Project undersigning

In order to secure large fossil fuel projects, such as mines, harbour terminals, field developments or pipelines, governments often offer guarantees to companies that eliminate part or all the risk of their investment. That way, public money is committed to covering any unexpected inconveniences, such as extra costs or, sometimes, even the complete collapse of the project.

Public companies

Why give subsidies to companies when you can extract, transport and burn the fossil fuels yourself? This is what many countries do: they own (totally or partially) the companies that are directly responsible for fossil fuels. Consequently, these companies can rely on the government’s support if the financial situation turns rough. Some of the largest oil companies in the world are public, such as Saudi Aramco (Saudi Arabia), Equinor (Norway) and Petrobras (Brazil).

But why? WHY?

If you are anything like me, your mind must now be loudly blaring one question: WHY? Why do governments pay for fossil fuels to be burned? Aren’t we supposed to phase them out? Haven’t our leaders committed to doing so? 

Well, the answer is that, unfortunately, subsidies are quite sticky. We live in a global economy that is heavily based on dirty fossil fuels, and suddenly changing that machine can upend the livelihoods of many. We’ve seen it in France, Ecuador and many other countries.

However, that should not serve as an excuse for leaders to keep betting on the world’s destruction. After all, there is no economy to take care of on a dead planet. 

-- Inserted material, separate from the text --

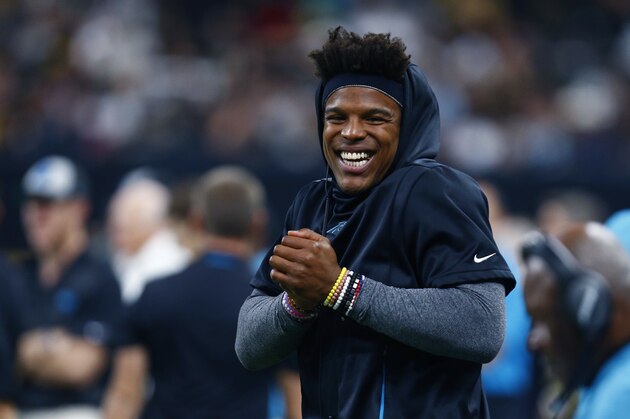 Carolina Panthers quarterback Cam Newton, who was inactive for the game, celebrates a touchdown reception from the sideline in the first half of an NFL football game against the New Orleans Saints in New Orleans, Sunday, Dec. 30, 2018. (AP Photo/Butch Dill)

There are many ways of mitigating the economic consequences of eliminating fossil fuel subsidies, such as providing those directly to poorer families or funding education or employment schemes – that is part of what the climate movement usually refers to as a “just transition”, leaving no one behind. Each country, each region and each community has its own needs, so there’s no one-size-fits-all solution. But there’s something we all know: everywhere, we need to keep fossil fuels in the ground to be able to build a better, cleaner and more equitable future.